BT shares surged on Monday following a weekend report the company is on alert for takeover approaches after the collapse in its share price.

According to Sky News, BT has asked bankers at Goldman Sachs to update its defence strategy as it looks to fend off potential takeover approaches from industry rivals and buyout firms after the suspension of its dividend sent the shares tumbling to their lowest level in more than a decade.

It was understood that boutique investment bank Robey Warshaw, a long-standing adviser to Vodafone, may also be asked by BT to play a role. Sources told Sky that BT had not yet received a formal approach from any potential suitor.

At 1005 BST, the shares were up 5.1% at 106.97p.

Neil Wilson, chief market analyst at Markets.com, said: "At a valuation of £10bn, the group has become a definite target. And whilst BT has a lot of legacy baggage - notably £18bn in net debt and a major pension deficit - it’s also got the Openreach crown jewel, which would be worse considerably more on its own than the group is valued today.

"Of course, there is no formal offer, but shares could jump further if one emerges. Deutsche Telekom, which owns 12% in BT, is seen as a likely candidate. The question is whether there could be more bombed out UK-listed stocks that could be taken out by a timely takeover...perennial rumour-favourite ITV, for instance?"
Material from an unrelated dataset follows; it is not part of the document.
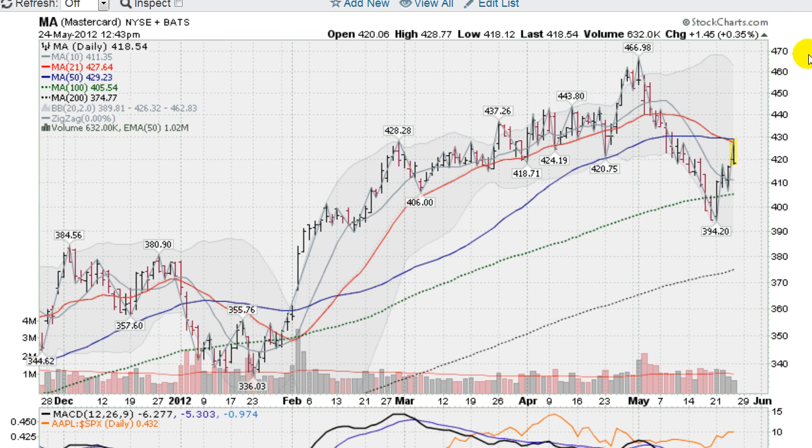Looking at another big cap leader — this is MasterCard, one of the leaders of this last rally. Had a nice pullback testing the 100-day moving average on a very precipitous drop. Had a nice reversal day on Monday, and today we came up and actually touched the 50-day moving average — there's a convergence of the 50 and the 21 here. It pulled back, but four up days so far, making an assault on that. It's okay if we get turned away a little bit and regroup to see if it can springboard up. MasterCard looking impressive up off the bottom — definitely some buying going on.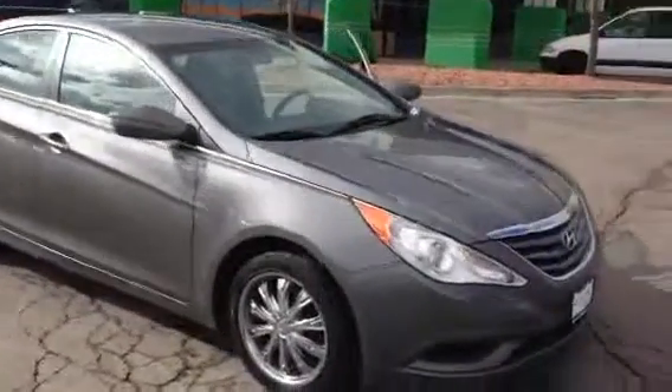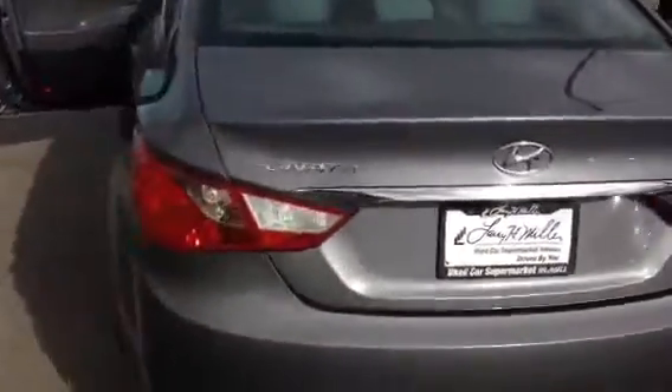Once an afterthought in the family sedan segment, the 2011 Hyundai Sonata is a true game changer. Fully redesigned from the ground up, Hyundai's family sedan has Honda and Toyota looking in their rearview mirrors going, who's this guy?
David Madden, market analyst at CMC Markets, said: "Seeing as BT are tasked with rolling out the country-wide full-fibre broadband plan, any bid for the company is likely to have a political angle, so any potential suitors would need to essentially get the green light from Westminster."

BT pulled its dividend in May as it posted a drop in full-year profit and revenue due to the coronavirus pandemic.

The company said the final dividend for 2019/20 had been suspended, along with all dividends for 2020/21 "to create capacity for value-enhancing investments and managing confidently through the Covid-19 crisis". It said it expected to resume dividend payments in 2021/22 at an annual rate of 7.7p per share.

For the year to the end of March, it reported a decline in pre-tax profit to £2.35bn from £2.67 bn the year before, while revenue edged down 2% to £22.9bn. The profit figure included charges of £95m as a result of Covid-19, mainly reflecting increased debtor provisions.

The drop in revenue, meanwhile, was attributed to the impact of regulation, declines in legacy products, strategic reductions in low margin business and divestments.